The Role of Enterprise Architecture as a Management Tool
Joel Paredes-Gualtor, Oswaldo Moscoso-Zea, Sergio Luján-Mora
3rd International Conference on Information Systems and Computer Science (INCISCOS 2018), p. 306-311, Quito (Ecuador), November 14-16 2018. ISBN: 978-1-5386-7612-7. https://doi.org/10.1109/INCISCOS.2018.00051
(INCISCOS'18c)
Congreso internacional / International conference
Resumen
Today's business environment is suffering a constant change due to the emergence of new technologies. The changes go from the customer needs until how these needs are fulfilled by organizations and enterprises. This constant change force decision-makers to adapt to these new scenarios and overcome difficulties which are the only sure outcome of this evolution. Several directors and institutions have seen this new challenge and have developed tools, frameworks, guidelines, and good practices to help and support enterprise management.

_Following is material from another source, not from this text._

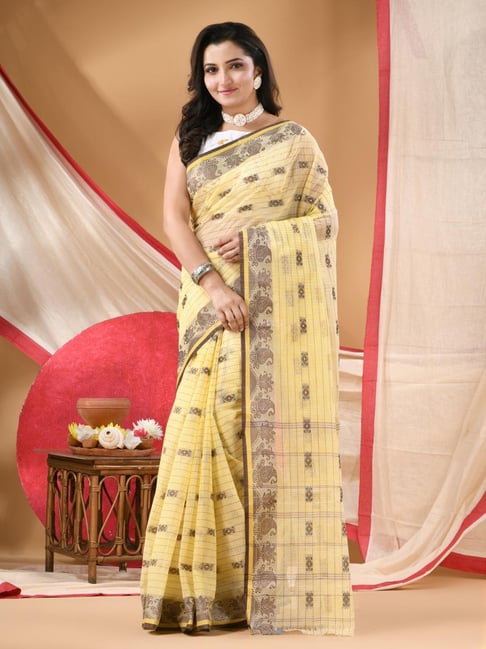 Desh Bidesh Yellow Handloom Woven Design Saree Without Blouse Piece-picture-34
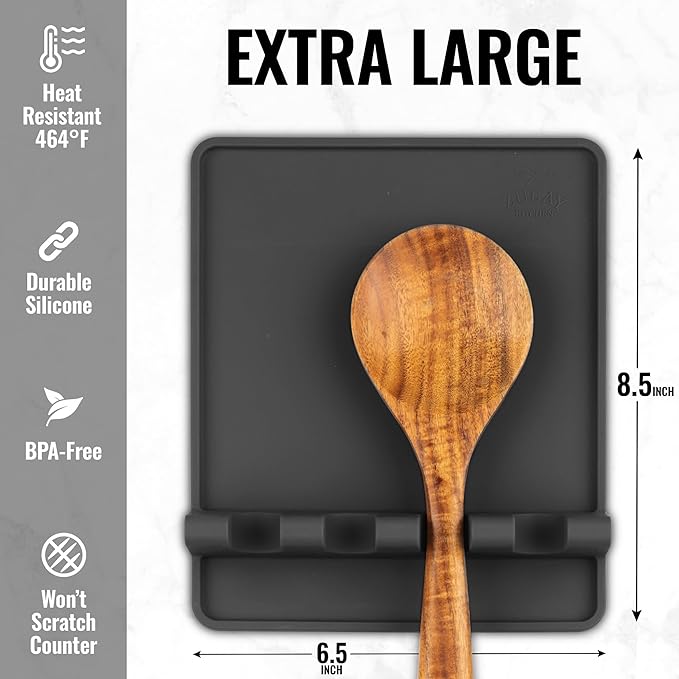 Zulay Kitchen Extra Large Silicone Utensil Rest with Drip Pad for Multiple Utensils - BPA-Free Heat-Resistant Spoon Rest & Spoon Holder for Stove Top - Kitchen Utensil Holder for Spoon - Black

Frameworks such as Control Objectives for Information and Related Technologies (COBIT), Information Technology Infrastructure Library (ITIL), quality standards such as the one proposed by the European Foundation for Quality Management (EFQM) and systems such as the Balanced Scorecard (BSC) are widely spread through the world and are taught in higher education institutions. Enterprise Architecture (EA), another well-known discipline, also assists in management as these other tools do. However, EA, as a discipline itself, is sometimes neither mentioned nor used within these other tools. These paper aims to analyze the role that EA plays by comparing it with the guidelines that other frameworks propose. The analysis that is done in this paper verifies if EA can be used at the same time with other frameworks or if they are not compatible. To answer that question, an analysis of the most important processes, good practices, perspectives and tools provided by each framework was performed.